**To do**. Please copy each line of the listing below precisely, excluding the images.
[[ Information shown open ]]
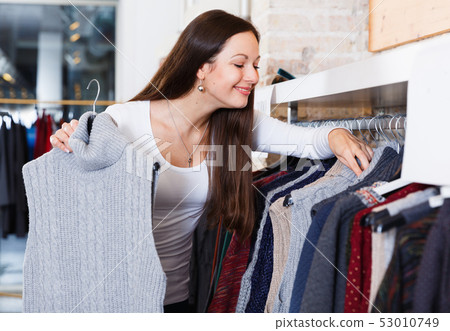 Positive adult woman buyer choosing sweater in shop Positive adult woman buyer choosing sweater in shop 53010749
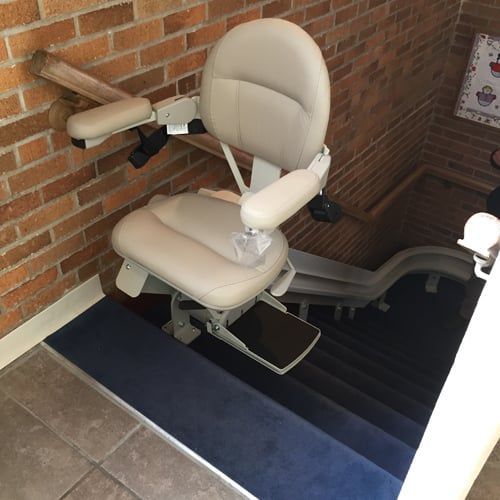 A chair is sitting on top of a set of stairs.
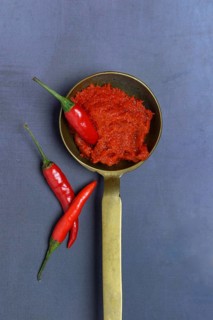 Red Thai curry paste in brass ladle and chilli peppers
[[ Information shown closed ]]
**Your response**.
 Positive adult woman buyer choosing sweater in shop Positive adult woman buyer choosing sweater in shop 53010749
 A chair is sitting on top of a set of stairs.
 Red Thai curry paste in brass ladle and chilli peppers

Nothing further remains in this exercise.